◆ REQUIREMENT ◆
Every line from the one holding "Proud Hund Mamma" through the last line of the records must be retyped exactly, and no other line or picture may appear in the copy.

======== EXERCISE INPUT

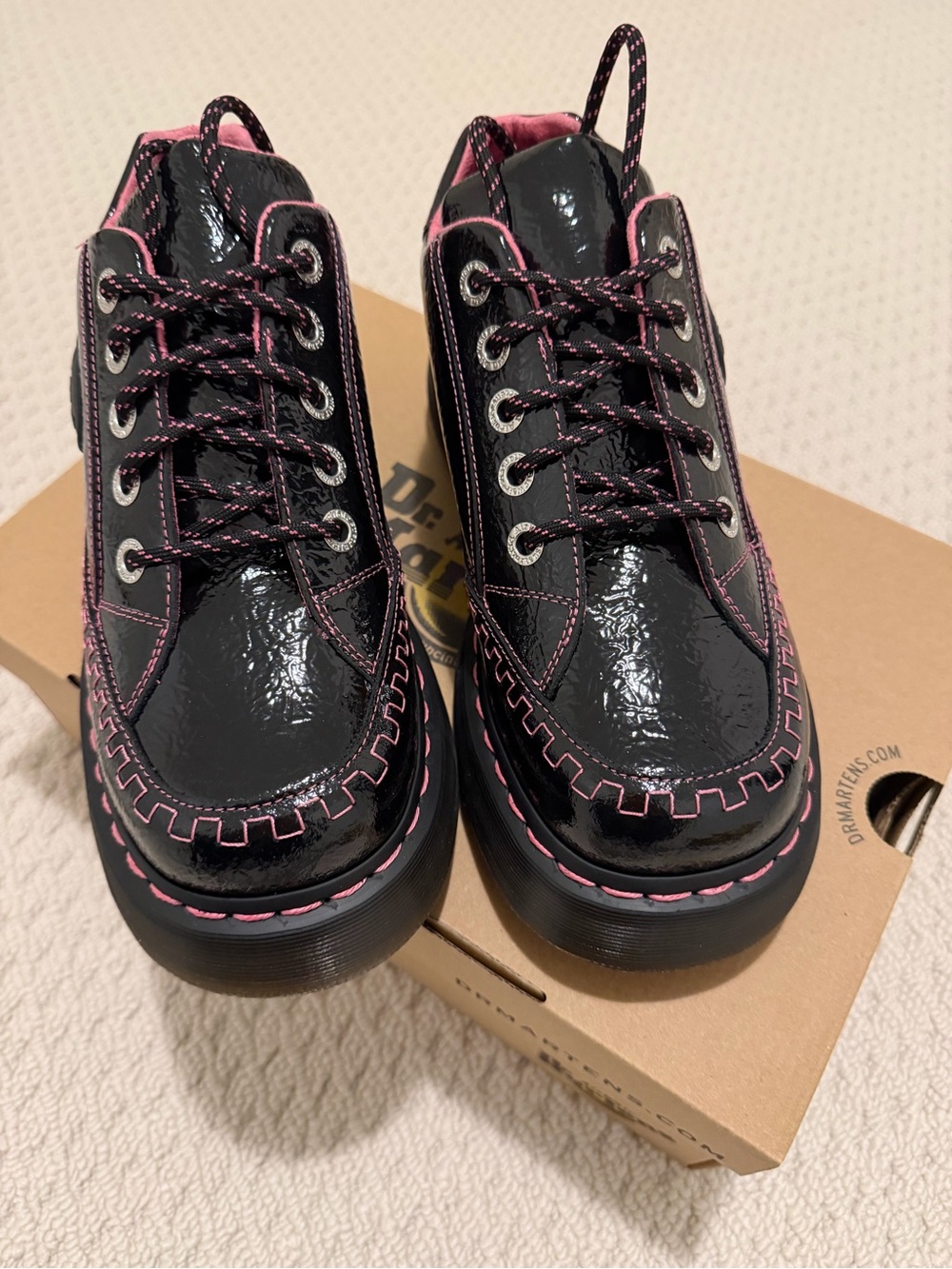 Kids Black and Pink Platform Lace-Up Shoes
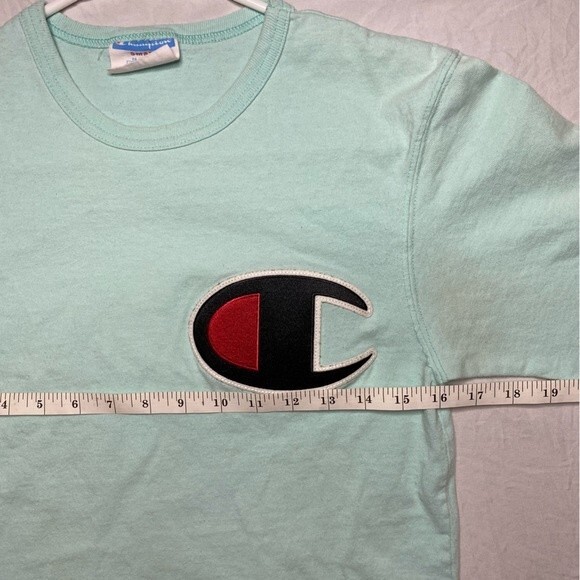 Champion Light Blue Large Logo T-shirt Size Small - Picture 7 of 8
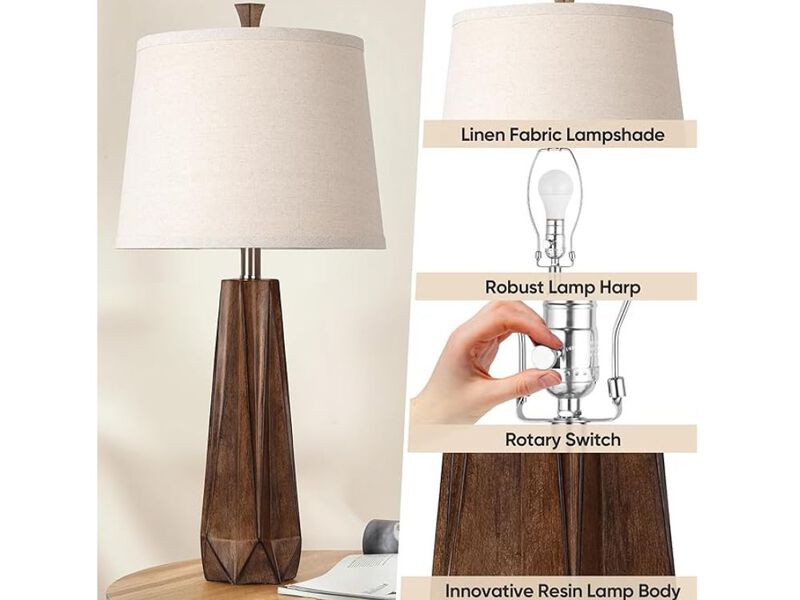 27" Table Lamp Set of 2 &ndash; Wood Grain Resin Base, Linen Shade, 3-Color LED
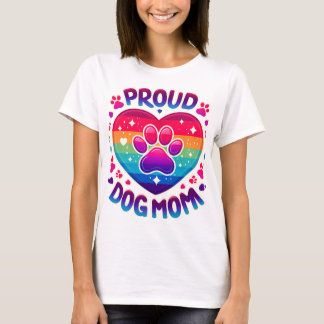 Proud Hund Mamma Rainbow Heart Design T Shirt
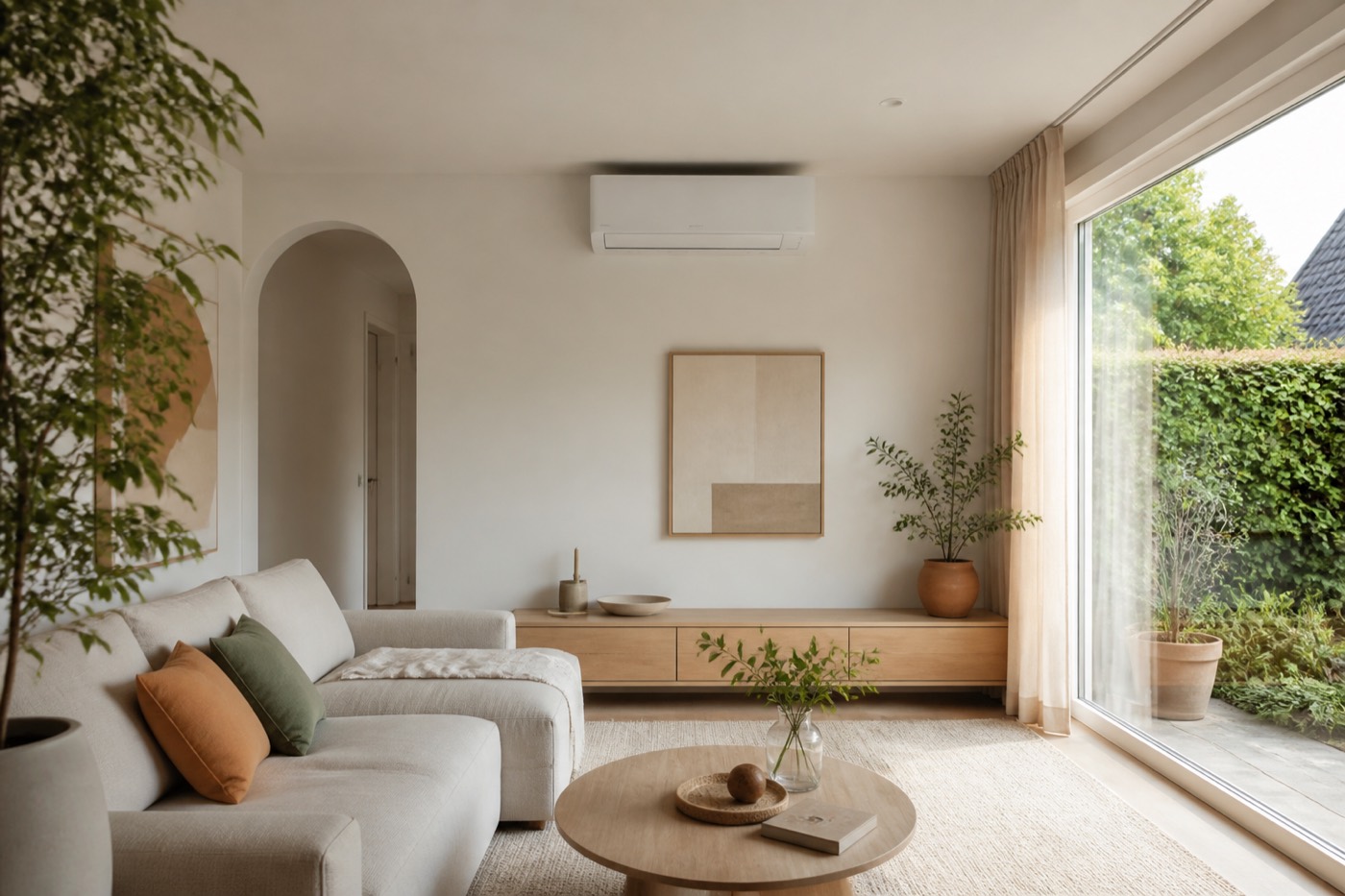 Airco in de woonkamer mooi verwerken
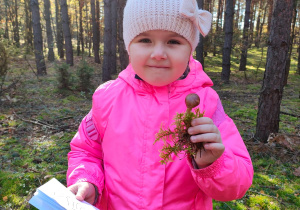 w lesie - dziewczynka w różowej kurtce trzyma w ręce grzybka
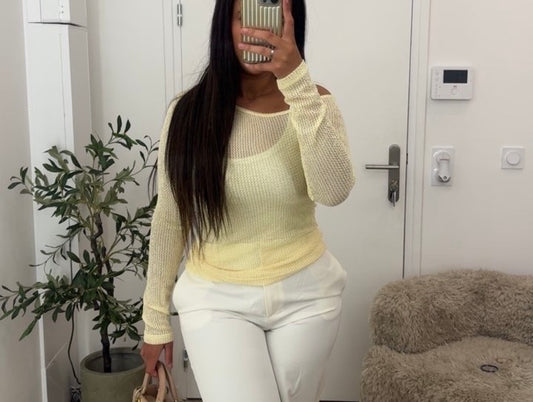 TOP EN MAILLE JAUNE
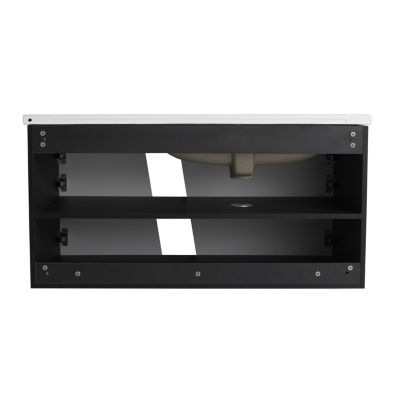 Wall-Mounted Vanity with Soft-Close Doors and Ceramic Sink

================

◆ TASK ANSWER ◆
 Proud Hund Mamma Rainbow Heart Design T Shirt
 Airco in de woonkamer mooi verwerken
 w lesie - dziewczynka w różowej kurtce trzyma w ręce grzybka
 TOP EN MAILLE JAUNE
 Wall-Mounted Vanity with Soft-Close Doors and Ceramic Sink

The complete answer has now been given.